How to Use the 3 Most Popular Exercise Machines
Thinking of sticking to your New Year’s resolution and actually joining the gym this time? Way to go! We’ll make sure you look like a regular from the moment you walk through those doors by outlining the proper way to use the three most popular pieces of gym equipment.
The stationary bike
There are two kinds of stationary bikes out there: recumbent and upright. An upright bike is built like a regular bike, while a recumbent bike has a bucket seat so that the pedals are placed in front of you. A recumbent bike generally offers better back support and is more comfortable for people who suffer from lower back pain. It’s also great for toning your glutes!

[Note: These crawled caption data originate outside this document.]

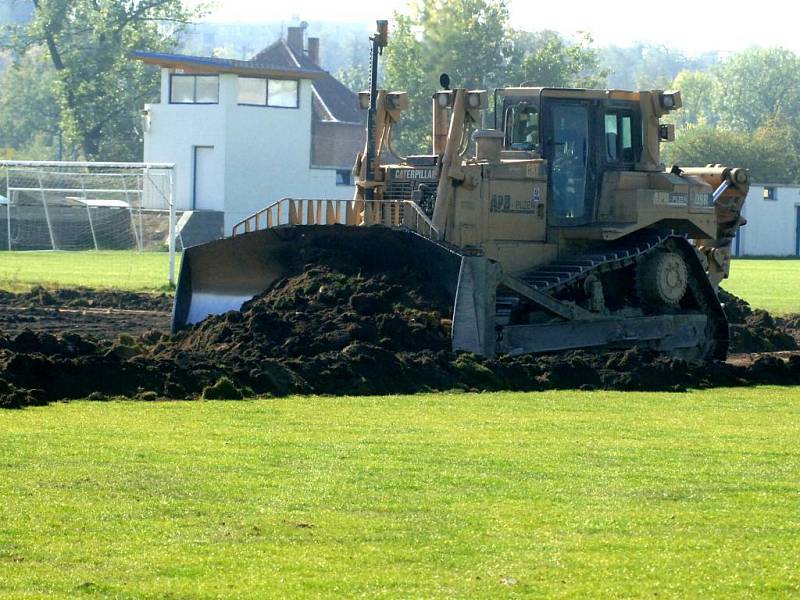 Buldozer právě odstraňuje přírodní trávnatý povrch  na tréninkovém hřišti v areálu doubraveckého Senka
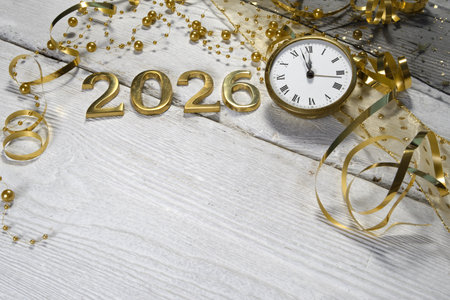 New Year's Eve celebration concept. Clock and golden numbers on white wooden background.
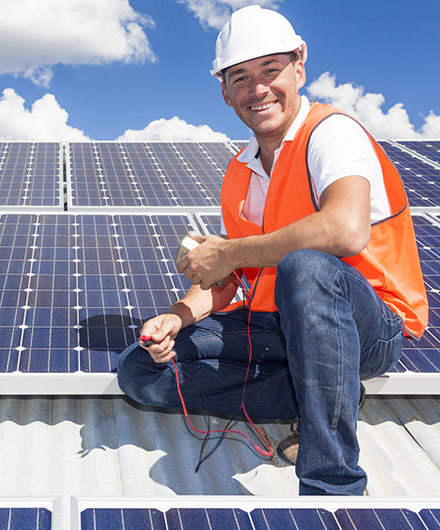 Das Bild zeigt einen Mann auf einem Dach, der eine Photovoltaikanlage installiert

There’s not much you can do wrong on a stationary bike. To make sure you avoid discomfort after your workout, adjust the seat height so that your leg extends to almost being straight when pedalling. Remember to also fix the handlebar position so that your arms are extended at the same level as your shoulders.
Be sure you know how to adjust the speed before jumping on, or ask a staff member if you’re not sure. It’s a lot less embarrassing to ask for help than it is to find yourself flying off a treadmill! When mounting the treadmill, don’t stand on the belt first. Instead, lean on the handrails as you position your feet on either side of the belt. Clip the safety kill switch to your clothes, if one exists, and then press “Start”.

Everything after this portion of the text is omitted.